The names of your libraries imported through the command exec_lines do not appear in the notebook, so you can easily forget it. And running the code on another profile / machine would raise an error.
Therefore I would recommend to use a Jupyter notebook extension, because the imported libraries are displayed. It avoids importing always the same libraries at the beginning of a notebook.
First you need to install the nbextension of Jupyter.
You can either clone the repo : https://github.com/ipython-contrib/jupyter_contrib_nbextensions
or use the pip : pip install jupyter_contrib_nbextensions
Then you can create a nb extension by adding a folder 'default_cells' to the path where the nb extensions are installed.
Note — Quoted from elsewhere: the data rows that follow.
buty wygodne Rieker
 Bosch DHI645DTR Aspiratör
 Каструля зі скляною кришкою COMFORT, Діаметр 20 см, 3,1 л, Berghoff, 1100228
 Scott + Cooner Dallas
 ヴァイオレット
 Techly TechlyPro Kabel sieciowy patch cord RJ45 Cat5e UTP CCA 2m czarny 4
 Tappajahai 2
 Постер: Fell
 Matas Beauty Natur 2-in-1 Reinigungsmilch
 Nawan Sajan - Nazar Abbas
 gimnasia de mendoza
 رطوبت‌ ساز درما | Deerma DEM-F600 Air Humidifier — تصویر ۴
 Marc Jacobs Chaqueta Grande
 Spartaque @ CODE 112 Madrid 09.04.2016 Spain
For example on Ubuntu it's /usr/local/share/jupyter/nbextensions/., maybe on windows : C:\Users\xxx.xxx\AppData\Roaming\jupyter\nbextensions\
You have to create 3 files in this folder:
main.js which contains the js code of the extension
default_cells.yaml description for the API in Jupyter
README.MD the usual description for the reader appearing in the API.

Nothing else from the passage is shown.